The initial SEC regulations for the JOBS Act fell short. Companies could raise at most a tad more than $1 million. That wasn't enough money "to justify the cost" of complying with the rules, Royse said. Complying with the regulations was expensive.

There was also a $100,000 limit on the amount of capital an individual, no matter how well-heeled or savvy, could invest in a year. The same limit applied to institutions. That greatly reduced the total pool of money that might be available for small businesses.

Business Impact

The new regs increase the amount a business can raise to $5 million. That helps rationalize the company's costs. But it really doesn't fix the problems.

"The regs weren't necessarily designed for your brick-and-mortar mom-and-pop business to go out and raise capital," said Nick Mathews, CEO of Mainvest, one of the platforms that companies crowdfunding under the regulations might use.

No, they don't, but that is what the 2012 law was intended to do.

The regulations require detailed disclosures, not the kind most small businesses can explain in plain English. The accepted and generally tortured legalese the SEC prefers "requires an infrastructure comprised of financial, accounting, and legal professionals," said David Bissinger, a securities litigator and partner with Bissinger, Oshman & Williams in Houston. The lawyers, auditors, and other staff to check everything favors firms raising at least close to the $5 million limit under the JOBS Act.

"I just become skeptical," that companies with a valuation under $100 million can adequately perform the compliance and "whether that securities offering makes sense for anybody," Bissinger told DCReport.

The terms of getting capital are also challenging.

"Reg CF is designed for something like scalable businesses," Royse said, meaning companies that can grow fast and get big, with a large potential payoff for investors.

"They don't have to be Silicon Valley unicorns," he added, referring to hose firms valued at a billion dollars before they even sell stock to the public."But I think they have to be something with opportunities for growth."

Surrendering Control

Under the crowdfunding scenario, the company looking for money has to give something in return. It may be equity—a significant slice of the business. Equity financing often means that big and savvy institutions demand that the people who came up with the idea surrender control of their baby business and a huge share of future riches. That tends to keep wealth concentrated in the hands of the already rich.
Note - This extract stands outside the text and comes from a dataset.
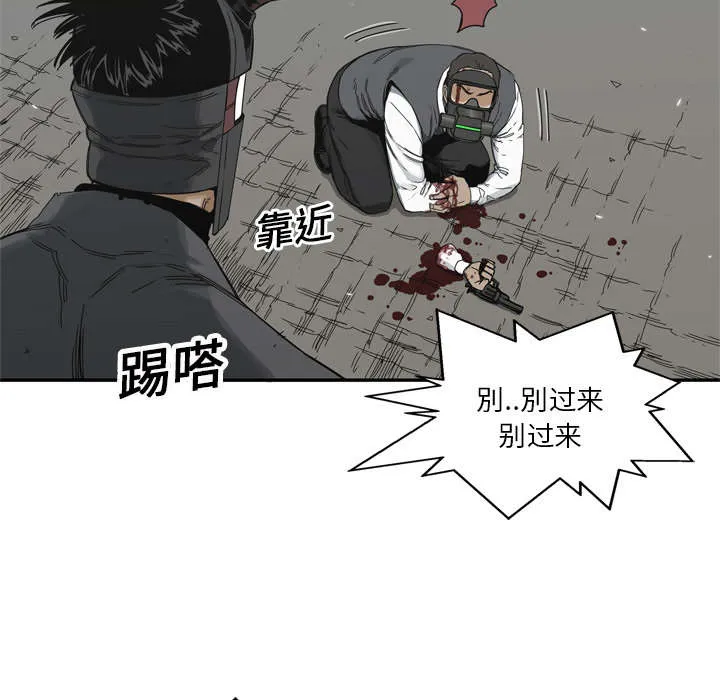 诡异邮差漫画漫画,第44章：血性3图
That is in part what the JOBS act was intended to address – entrepreneurs not earning big financial rewards because of lack of access to capital to grow their business without giving up confiscatory amounts of ownership to venture capitalists.
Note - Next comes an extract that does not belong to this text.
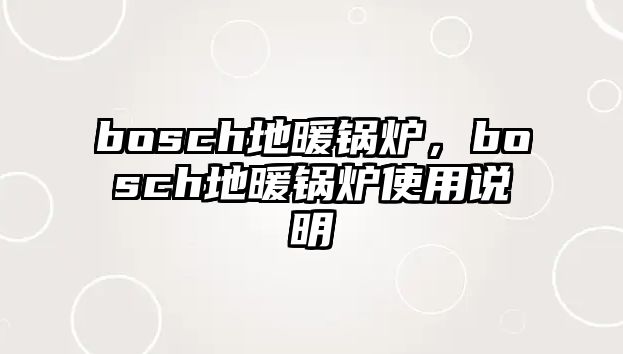 bosch地暖鍋爐，bosch地暖鍋爐使用說明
Another approach substituted royalty financing or shared earnings arrangements, where investors get a cut of future profits, instead of providing equity ownership. "There are a lot of those out there, now," said Royse. "It's like really expensive debt."

According to Matthews, Small Business Administration-backed bank debt runs in the range of 7% annual interest. The more complicated sharing arrangements effectively translate into a 10% to 20% interest rate on the amount loaned, a steep expense when Treasurys pay a bit more than 1%, home mortgages go for as little as 1.75% and many people with good credit scores can pay under 10% on credit card debt.

In a down year when revenues shrink, the JOBS Act theory was that owners would pay out less in royalties or shared earnings, helping level out the often-volatile finances of small companies so they endure until better times return. In a good year, though, the payout gets much larger.

All this means that the system of raising money for new businesses remains heavily weighted in favor of the venture capitalists, the big Wall Street stock and bond writers and other big boys of finance. The big winners are institutional investors—pension funds, hedge funds, and private equity firms—that can get the investments they want and do their own form of crowdfunding. That is, crowding out the little people so they still keep the best investments for themselves.